> _Work item_
Output the whole listing below exactly, omitting the images.

> _Available data_
—————

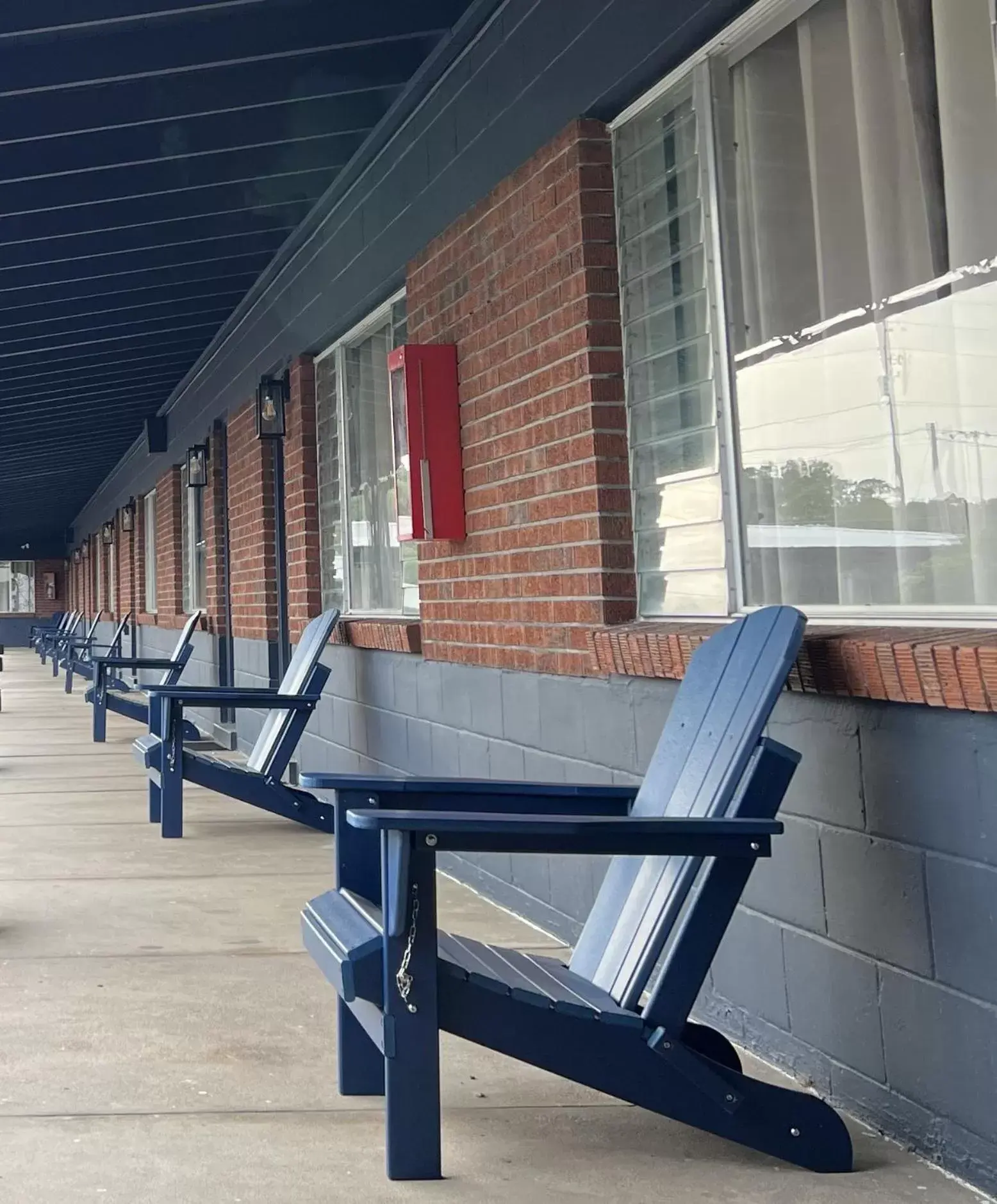 Property building in BlueGem Motel Property building in BlueGem Motel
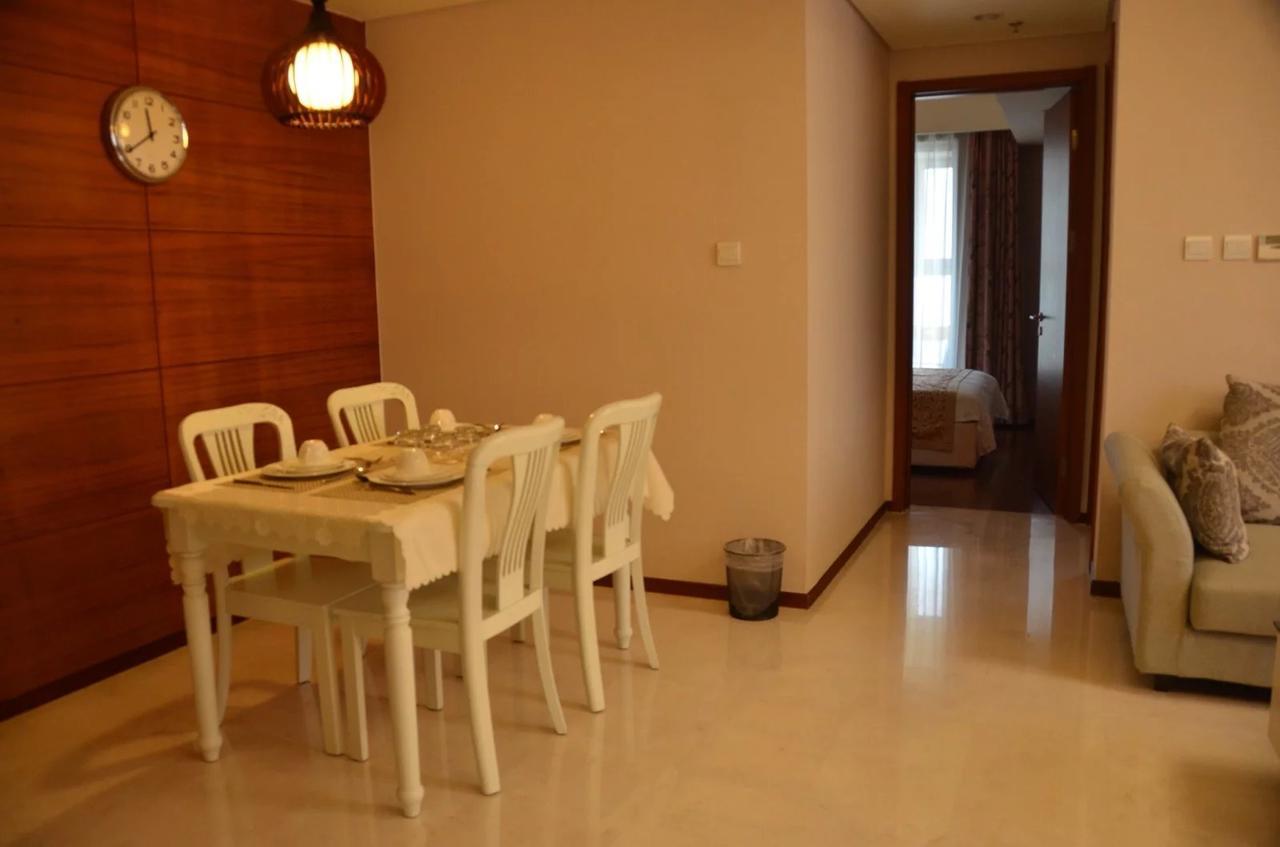 Jiu Du Hui Serviced Apartment ปักกิ่ง ภายนอก รูปภาพ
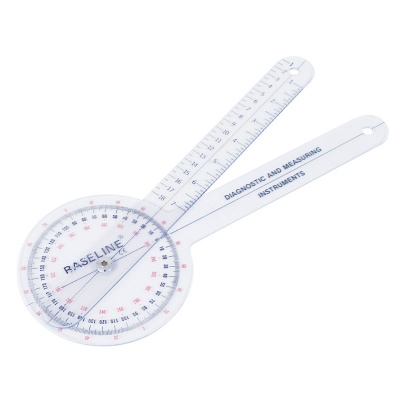 Baseline 12-Inch Plastic Goniometer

—————

> _Expected answer_
 Property building in BlueGem Motel Property building in BlueGem Motel
 Jiu Du Hui Serviced Apartment ปักกิ่ง ภายนอก รูปภาพ
 Baseline 12-Inch Plastic Goniometer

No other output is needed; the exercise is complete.